Trading Firms Push FPGAs to the Edge
Top trading firms are deepening their reliance on FPGAs for ultra-low-latency execution. Nasdaq is highlighting its proprietary in-house stack for deterministic order management, while Optiver is sharing its playbook on balancing speed with operational risk. The consensus is that offloading critical path functions like risk checks to hardware is now a core design principle for HFT.
The pivot to hardware isn't new; firms began leveraging FPGAs for market data processing back in 2007. What has changed is the scope of their deployment.

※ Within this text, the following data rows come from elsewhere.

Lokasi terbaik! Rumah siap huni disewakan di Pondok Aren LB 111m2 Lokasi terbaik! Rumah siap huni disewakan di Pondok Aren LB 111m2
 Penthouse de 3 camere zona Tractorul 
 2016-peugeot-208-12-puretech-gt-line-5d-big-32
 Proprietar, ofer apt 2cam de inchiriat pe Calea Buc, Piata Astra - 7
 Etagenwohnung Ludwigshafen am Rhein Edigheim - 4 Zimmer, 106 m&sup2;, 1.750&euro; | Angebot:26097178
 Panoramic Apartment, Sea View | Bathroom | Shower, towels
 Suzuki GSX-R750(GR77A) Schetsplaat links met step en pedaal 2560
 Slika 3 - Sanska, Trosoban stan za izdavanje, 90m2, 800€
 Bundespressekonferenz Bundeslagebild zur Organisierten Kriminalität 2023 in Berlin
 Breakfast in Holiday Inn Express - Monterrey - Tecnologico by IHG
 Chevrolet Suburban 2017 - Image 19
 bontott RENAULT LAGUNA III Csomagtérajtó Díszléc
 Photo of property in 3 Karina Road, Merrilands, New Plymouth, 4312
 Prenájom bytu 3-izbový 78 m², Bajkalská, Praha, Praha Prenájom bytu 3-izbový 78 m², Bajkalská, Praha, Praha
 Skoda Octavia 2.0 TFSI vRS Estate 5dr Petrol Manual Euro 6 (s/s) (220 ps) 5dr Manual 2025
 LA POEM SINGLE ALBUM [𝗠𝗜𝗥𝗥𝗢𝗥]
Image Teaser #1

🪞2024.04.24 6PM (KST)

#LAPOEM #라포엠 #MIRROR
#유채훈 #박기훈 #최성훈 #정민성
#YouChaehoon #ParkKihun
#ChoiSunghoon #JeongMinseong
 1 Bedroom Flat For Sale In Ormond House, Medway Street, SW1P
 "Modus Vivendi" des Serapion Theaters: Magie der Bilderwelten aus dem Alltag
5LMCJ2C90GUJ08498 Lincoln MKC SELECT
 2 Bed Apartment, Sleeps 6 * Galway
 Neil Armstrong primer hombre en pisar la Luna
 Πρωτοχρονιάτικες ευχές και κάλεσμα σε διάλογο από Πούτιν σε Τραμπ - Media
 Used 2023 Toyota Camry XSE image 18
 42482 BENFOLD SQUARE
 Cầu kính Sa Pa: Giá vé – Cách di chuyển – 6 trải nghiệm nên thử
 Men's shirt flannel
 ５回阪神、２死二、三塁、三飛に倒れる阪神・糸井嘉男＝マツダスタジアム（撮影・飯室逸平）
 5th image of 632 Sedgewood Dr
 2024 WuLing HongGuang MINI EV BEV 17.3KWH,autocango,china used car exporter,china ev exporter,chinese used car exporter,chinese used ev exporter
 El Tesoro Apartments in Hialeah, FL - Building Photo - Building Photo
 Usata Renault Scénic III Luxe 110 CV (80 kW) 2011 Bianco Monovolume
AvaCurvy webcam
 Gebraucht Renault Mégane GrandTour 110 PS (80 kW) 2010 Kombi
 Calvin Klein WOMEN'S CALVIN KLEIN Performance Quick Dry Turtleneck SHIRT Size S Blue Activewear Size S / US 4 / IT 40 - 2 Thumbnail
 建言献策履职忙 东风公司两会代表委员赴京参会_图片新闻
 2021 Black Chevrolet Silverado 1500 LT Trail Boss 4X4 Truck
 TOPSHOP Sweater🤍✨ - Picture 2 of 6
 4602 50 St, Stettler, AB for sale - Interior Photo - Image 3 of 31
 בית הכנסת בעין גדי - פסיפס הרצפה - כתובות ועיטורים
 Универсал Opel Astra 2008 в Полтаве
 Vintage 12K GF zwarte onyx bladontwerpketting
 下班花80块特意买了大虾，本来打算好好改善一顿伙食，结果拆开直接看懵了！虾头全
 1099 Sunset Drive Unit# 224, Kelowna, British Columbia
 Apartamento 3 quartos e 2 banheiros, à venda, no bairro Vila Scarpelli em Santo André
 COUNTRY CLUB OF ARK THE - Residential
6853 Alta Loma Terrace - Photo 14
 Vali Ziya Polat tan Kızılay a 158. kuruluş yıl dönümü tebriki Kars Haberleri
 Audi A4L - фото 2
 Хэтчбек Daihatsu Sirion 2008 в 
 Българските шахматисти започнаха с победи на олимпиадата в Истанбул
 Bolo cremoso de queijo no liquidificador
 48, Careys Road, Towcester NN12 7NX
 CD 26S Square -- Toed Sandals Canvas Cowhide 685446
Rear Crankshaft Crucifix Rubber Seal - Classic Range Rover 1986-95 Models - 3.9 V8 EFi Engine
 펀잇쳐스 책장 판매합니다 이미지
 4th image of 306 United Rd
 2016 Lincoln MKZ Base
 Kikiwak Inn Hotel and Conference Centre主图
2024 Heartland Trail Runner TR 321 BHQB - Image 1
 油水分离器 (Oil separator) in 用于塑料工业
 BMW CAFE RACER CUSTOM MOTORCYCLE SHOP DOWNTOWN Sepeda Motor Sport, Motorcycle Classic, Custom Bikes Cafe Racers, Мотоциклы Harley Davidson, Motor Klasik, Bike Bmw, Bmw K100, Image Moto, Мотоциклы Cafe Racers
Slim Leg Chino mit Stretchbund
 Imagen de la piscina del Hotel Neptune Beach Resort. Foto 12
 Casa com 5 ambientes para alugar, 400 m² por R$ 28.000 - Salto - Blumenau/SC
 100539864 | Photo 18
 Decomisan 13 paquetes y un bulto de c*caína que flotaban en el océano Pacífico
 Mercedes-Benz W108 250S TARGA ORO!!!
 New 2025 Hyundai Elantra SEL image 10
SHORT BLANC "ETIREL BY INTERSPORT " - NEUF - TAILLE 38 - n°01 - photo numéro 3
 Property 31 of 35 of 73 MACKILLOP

Initially used to accelerate ticker plant performance, FPGAs are now being tasked with transactional roles, including order entry and pre-trade risk, shrinking the entire tick-to-trade loop to hundreds of nanoseconds. FPGAs provide a crucial advantage in their deterministic latency. Unlike CPUs, which are subject to operating system interrupts and context switching, FPGAs execute logic in parallel directly on the silicon. This eliminates jitter and ensures the same function takes the same number of clock cycles every time, a critical factor when market opportunities vanish in microseconds. Major proprietary trading firms and market makers like Jump Trading, Citadel Securities, and IMC Trading have integrated FPGAs into their core infrastructure. Jump Trading, for instance, utilizes FPGAs and custom silicon to achieve end-to-end trade execution latency as low as 90 microseconds. Optiver has made hardware a strategic pillar, using FPGAs to manage complexity across thousands of instruments and multiple venues in real-time. This hardware acceleration extends beyond just speed to encompass the entire trading pipeline. FPGAs can directly ingest and parse exchange data feeds like NASDAQ's ITCH and OUCH protocols in hardware, with open-source parsers achieving sub-25 nanosecond latency. This allows for filtering and pre-processing of market data at network speeds before it even reaches a CPU. The evolution of FPGA technology now sees hybrid architectures becoming more common. In these systems, FPGAs handle the most latency-sensitive tasks—market data parsing, order book management, and risk checks—while CPUs manage more complex strategy formulation and analytics. This allows firms to balance the raw performance of hardware with the flexibility of software. Looking ahead, the accessibility of FPGAs is increasing. High-level synthesis (HLS) tools that can generate hardware designs from C++ or Python are making the technology more approachable for software engineers. This trend, combined with the increasing use of FPGAs for machine learning applications in trading, points to a future where configurable silicon is a foundational element of low-latency infrastructure.